Life’s inevitable spiral towards death – it’s something we’re all tragically caught in. We have an unknown amount of time on this planet, and how we use said time is what defines us. That, in essence, is the story of Camino, Josh C. Waller’s latest collaboration with stunt-actress and perennial badass, Zoë Bell. It’s the thought that an honorable death is a life not wasted, no matter how the subject of that mentality might feel. Of course, that’s not exactly how we do things here in America, and as you can infer from the above picture, Waller takes us to a war-torn Colombian jungle in order to assess the worth of a human life – something Bell does herself when thrust into a frantic fight for survival.
Heading deep into the isolation of backwoods South America, Zoë Bell plays an award-winning photojournalist named Avery Taggert, who is given unprecedented access to a rebel leader’s latest crusade. Guillermo (Nacho Vigalondo), a self-proclaimed man of the people, plans an excursion to spread the good word of his team’s generosity, hoping that Avery can report his fight against governmental oppression for all to see. But in doing her duties, Avery catches Guillermo in a heinous act of mutilation, and reveals her position before escaping. With no choice, Avery flees into the jungle while Guillermo and his team attempt to cut her down before their true nature is made public knowledge.
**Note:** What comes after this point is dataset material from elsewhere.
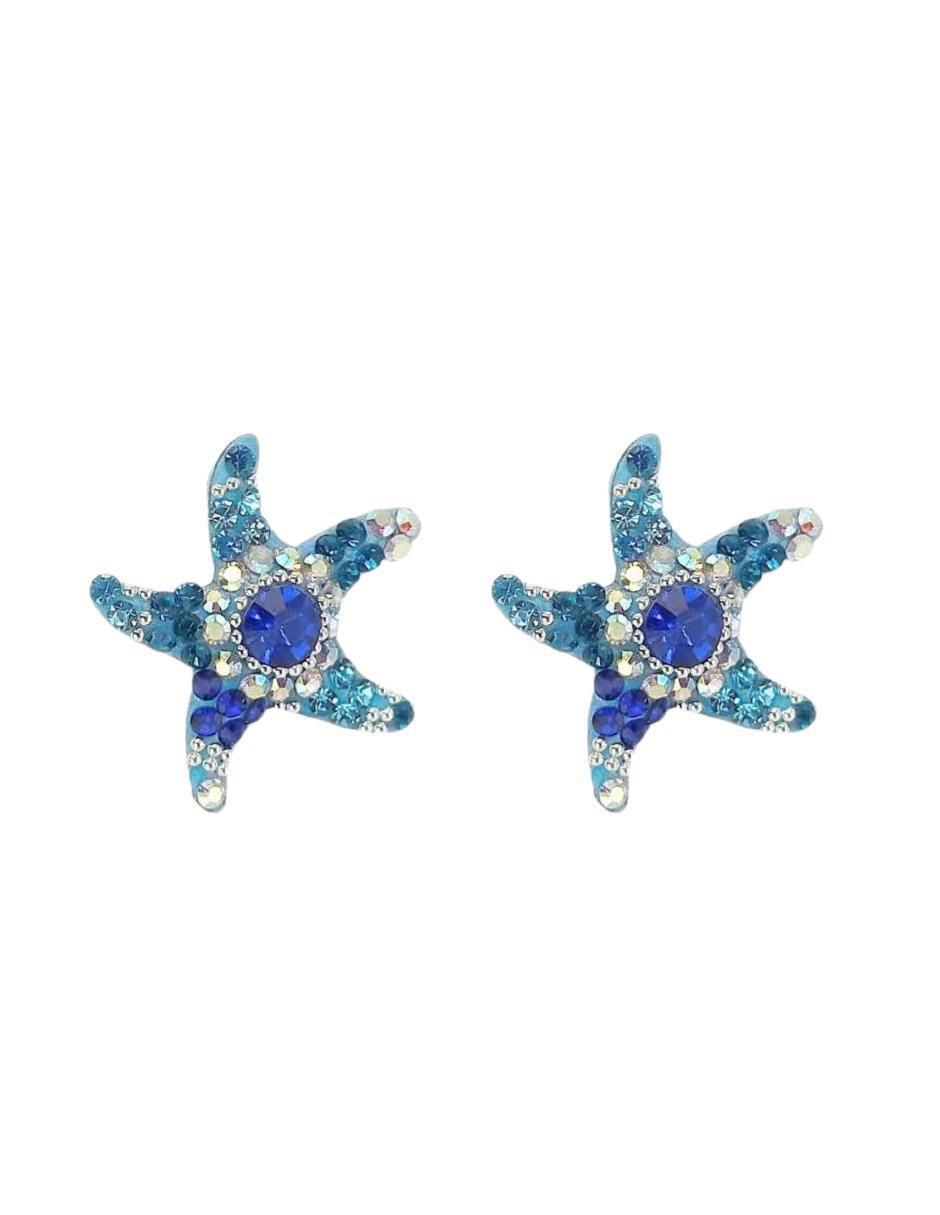 Aretes y collar de estrella mar de plata P 925 cristal 3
Let me start by saying Camino is not a film worth dismissing – it’s just a movie I wanted more out of. The performances of all involved are strong enough to capture the isolated survival atmosphere, Waller’s Hawaiian locations are vividly lush, and an overarching theme of a warrior’s death is handled with new ideology, but the film never begs to be remembered. Daniel Noah only had a few days to fully complete the project’s script, and the unfortunate time constraint can be felt in the form of rushed plotting and a rather generic handling of Avery’s cat-and-mouse escape. It’s a bare-knuckled rebel fight, don’t get me wrong, but it’s nothing that stands out from the genre pack.
That said, Zoë Bell beats some soldier butt like only she can, and finds emotion in talking to her hallucinated husband (a plot point that drags), but Nacho Vigalondo is the one who steals every scene he’s in. If you’ve seen Nacho, or had the pleasure of meeting Nacho at any Fantastic Fest event, you know know the kind of vivacious personality he possesses – the same life he brings to Guillermo.
Vigalondo’s performance is entrancing, as he cleverly plays a deceitful wolf with enough charisma to make his raving lunacy sound somewhat sane. He speaks in riddles of sorts, about how El Camino is “the way,” and life is a journey with truth at the center – all while hiding the true monster he is. There’s something so sadistically watchable about Vigalondo’s elongated monologues, which are written so perfectly for his quick-fire, frenzied delivery. In the realm of psychotic rebellion instigators, Guillermo is a tremendous example of good intentions being manipulated by an evil, hateful man. People believe in hope, and only the most deranged, intelligent villains would prey on such humanity. Guilliermo is one of them.
The likes of Sheila Vand, Francisco Barreiro, Tenoch Huerta, Jason Canela, and Nancy Gomez round out Guillermo’s squad, but their presence isn’t felt with the same impact. Alejo (Huerta) is the soldier no government agency has been able to kill, Marianna (Vand) is the love-struck worshipper who refuses to humor suggestions of corruption and Sebastian (Canela) is the innocent newbie – the archetypes are there, but their usage is not. The true struggle here is between Guillermo and Avery, while these other characters seem only to be caught in the fray.
Camino is an excuse to get Zoë Bell on camera, beating the shit out of anyone in her path. It handles certain aspects well, like when Avery does not encounter Guillermo during a one of his final ramblings, showing that everyone has stopped listening to his split-tongued bullshit, but other overly-darkened moments struggle to express the same individuality. There will be an audience for Camino, which XLrator Media will be releasing in 2016’s first quarter, and if you’re into watching Bell do what she does best, then Waller’s film will serve as a survivalist treat – but as you can see, it won’t be for everyone.
Zoë Bell and Nacho Vigalondo deliver some serious roles, but Camino never truly finds its footing on this journey towards truth and understanding.